Hands-On GPU：Accelerated Computer Vision with OpenCV and CUDA

上QQ阅读APP看书，第一时间看更新

Dot product

The dot product between two vectors is an important mathematical operation. It will also explain one important concept in CUDA programming that is called reduction operation. The dot product between two vectors can be defined as follows:

(x1,x1,x3) . (y1,y2,y3) = x1y1 + x2y2 +x3y3

Now, if you see this operation, it is very similar to an element-wise addition operation on vectors. Instead of addition, you have to perform element-wise multiplication. All threads also have to keep running the sum of multiplication they have performed because all individual multiplications need to be summed up to get a final answer of the dot product. The answer of the dot product will be a single number. This operation where the final answer is the reduced version of the original two arrays is called a reduce operation in CUDA. It is useful in many applications. To perform this operation in CUDA, we will start by writing a kernel function for it, as follows:

#include <stdio.h>
#include<iostream>
#include <cuda.h>
#include <cuda_runtime.h>
#define N 1024
#define threadsPerBlock 512


__global__ void gpu_dot(float *d_a, float *d_b, float *d_c) 
{
  //Define Shared Memory
  __shared__ float partial_sum[threadsPerBlock];
  int tid = threadIdx.x + blockIdx.x * blockDim.x;
  int index = threadIdx.x;

  float sum = 0;
  while (tid < N) 
  {
    sum += d_a[tid] * d_b[tid];
    tid += blockDim.x * gridDim.x;
  }

  // set the partial sum in shared memory
  partial_sum[index] = sum;

  // synchronize threads in this block
  __syncthreads();

  //Calculate Patial sum for a current block using data in shared memory
  int i = blockDim.x / 2;
  while (i != 0) {
    if (index < i)
      {partial_sum[index] += partial_sum[index + i];}
    __syncthreads();
    i /= 2;
  }
  //Store result of partial sum for a block in global memory
  if (index == 0)
    d_c[blockIdx.x] = partial_sum[0];
}

The kernel function takes two input arrays as input and stores the final partial sum in the third array. Shared memory is defined to store intermediate answers of the partial answer. The size of the shared memory is equal to the number of threads per block, as all separate blocks will have the separate copy of this shared memory. After that, two indexes are calculated; the first one, which calculates the unique thread ID, is similar to what we have done in the vector addition example. The second index is used to store the partial product answer on shared memory. Again, every block has a separate copy of shared memory, so only the thread ID used to index the shared memory is of a given block.

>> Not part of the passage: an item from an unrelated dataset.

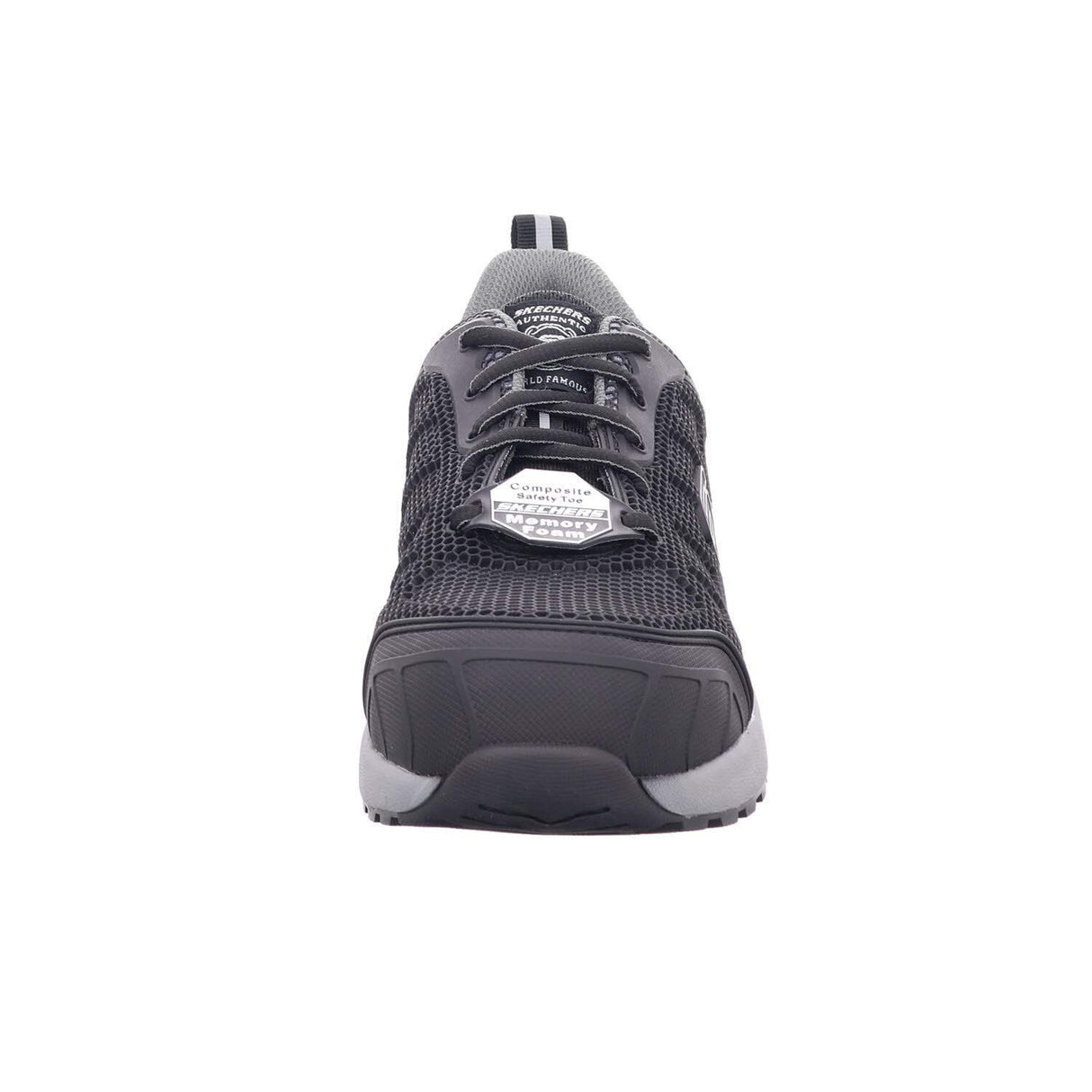 Skechers Bulklin Lyndale, Zapatos de Trabajo Mujer, Negro (Black Textile/Synthetic W/Gray Trim), 39 EU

The while loop will perform element-wise multiplication of elements indexed by the thread ID. It will also do multiplication of elements that is offset by the total threads to the current thread ID. The partial sum of this element is stored in the shared memory. We are going to use these results from the shared memory to calculate the partial sum for a single block. So, before reading this shared memory block, we must ensure that all threads have finished writing to this shared memory. This is ensured by using the __syncthreads() directive.

Now, one method to get an answer for the dot product is that one thread iterates over all these partial sums to get a final answer. One thread can perform the reduce operation. This will take N operations to complete, where N is the number of partial sums to be added (equal to the number of threads per block) to get a final answer.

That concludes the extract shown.